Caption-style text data
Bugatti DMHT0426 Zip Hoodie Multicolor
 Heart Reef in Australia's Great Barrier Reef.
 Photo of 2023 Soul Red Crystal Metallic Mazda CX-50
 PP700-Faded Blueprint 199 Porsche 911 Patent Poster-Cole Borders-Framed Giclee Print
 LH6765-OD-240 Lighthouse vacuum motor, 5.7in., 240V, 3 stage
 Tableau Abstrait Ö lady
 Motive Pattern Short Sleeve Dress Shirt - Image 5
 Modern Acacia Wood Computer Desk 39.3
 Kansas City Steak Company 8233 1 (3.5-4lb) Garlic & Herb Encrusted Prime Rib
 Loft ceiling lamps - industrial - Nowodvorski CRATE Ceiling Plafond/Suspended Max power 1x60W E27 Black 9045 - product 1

## Exercise
Write out, word for word, every line from the one containing "Kansas City Steak" through the last line of the records above.

## Response area
 Kansas City Steak Company 8233 1 (3.5-4lb) Garlic & Herb Encrusted Prime Rib
 Loft ceiling lamps - industrial - Nowodvorski CRATE Ceiling Plafond/Suspended Max power 1x60W E27 Black 9045 - product 1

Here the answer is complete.